A recent article on proclaimed that ‘the commons is the future’, so let me state my thesis plainly at the outset: no it isn’t, and in the event that humanity manages to create sustainable societies and/or sustainable resource use in the future, common property regimes will likely only have a fairly minor role to play in them. I’m not going to dwell much on the Resilience article, some of which I agree with and some of which I don’t, but the general position I’m staking seems to put me at odds with a lot of environmental and egalitarian-minded people whose views I otherwise largely share, so maybe it’s worth exploring further – as I do below under a number of headings for ease of argument.

What is a commons?

People often talk rather loosely about the ‘global commons’ or humanity’s ‘common treasury’ of soil, air, water, knowledge, seeds etc. Part of the problem in thinking about commons arises right here at the definitional outset, because these things aren’t actually commons. They’re what economists call public goods – that is, a good where consumption is non-rivalrous and non-excludable, like air – the breaths I take don’t impede the breaths you take, and it’s hard for us to limit anyone’s access to air in such a way that we can charge them for breathing (…don’t mention it to George Osborne though, just in case). A commons, by contrast, is a resource where people’s use of it does affect others’ use, and indeed is often at risk of destruction by overuse. To remedy this, a commons identifies a specific community of users (and thus, by implication, a wider community of non-users) and a set of usage protocols that specify how the resource is to be used. A classic example is the commons of pre-industrial England, where certain local people were entitled to graze a set amount of livestock on land they didn’t own, or glean corn from the fields after harvest, or take gorse as firewood. The tripartite commons definition operates in these cases – a resource, a specific community, a usage protocol.

Private – Public – Common

Commons certainly have their place in the scheme of things, but I’m not entirely sure why they seem to be flavour of the month in alternative economics circles. Most likely it’s because both private and state ownership of economic resources have had a poor track record in recent times, with callously rapacious capitalism and repressive, monolithic communism both standing indicted in the historical dock. Do the commons, neither purely private nor purely public, offer a fresh option?
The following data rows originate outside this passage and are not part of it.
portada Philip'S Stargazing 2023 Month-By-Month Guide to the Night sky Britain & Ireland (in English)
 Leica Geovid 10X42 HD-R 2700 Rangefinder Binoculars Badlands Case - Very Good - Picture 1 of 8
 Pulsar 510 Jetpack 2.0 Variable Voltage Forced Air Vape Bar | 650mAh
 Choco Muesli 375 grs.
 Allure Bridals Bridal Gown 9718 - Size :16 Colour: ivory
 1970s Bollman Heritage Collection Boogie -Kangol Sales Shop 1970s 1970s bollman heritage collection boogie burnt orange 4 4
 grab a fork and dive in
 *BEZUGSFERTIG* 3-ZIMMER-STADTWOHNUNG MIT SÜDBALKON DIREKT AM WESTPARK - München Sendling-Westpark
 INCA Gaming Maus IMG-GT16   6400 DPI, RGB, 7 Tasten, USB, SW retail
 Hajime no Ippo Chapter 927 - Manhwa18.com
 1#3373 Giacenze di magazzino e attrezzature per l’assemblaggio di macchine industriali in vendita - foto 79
Maybe. But let’s look closer. Yavor Tarinski, in the aforementioned ‘Commons is the future’ article, refers to the work of leading commons scholar, the late Elinor Ostrom, on the commons in the Swiss Alpine village of Törbel. Tarinski writes, “In the Swiss village in question, local farmers tend private plots for crops but share a communal meadow for herd grazing.”

Let’s look at what Ostrom says:

“For centuries, Törbel peasants have planted their privately owned plots with bread grains, garden vegetables, fruit trees and hay for winter fodder. Cheese produced by a small group of herdsmen, who tend village cattle pasture on the communally owned alpine meadows during the summer months, has been an important part of the local economy. Written legal documents dating back to 1224 provide information regarding…the rules used by the villagers to regulate the five types of communally owned property: the alpine grazing meadows, the forests, the “waste” lands, the irrigation systems, and the paths and roads connecting privately and communally owned property”1

In other words, the primary subsistence activities undertaken by the villagers, which take up the majority of their time, are private affairs. Only in the case of a few less intensive activities are things arranged communally – important activities, to be sure, but scarcely indicative of a thoroughly communalised mindset. To me, it seems strange to home in on Törbel’s commons as somehow exemplary of a commoning life distinct from private property relations, when so much of the village economy is clearly organised through the latter.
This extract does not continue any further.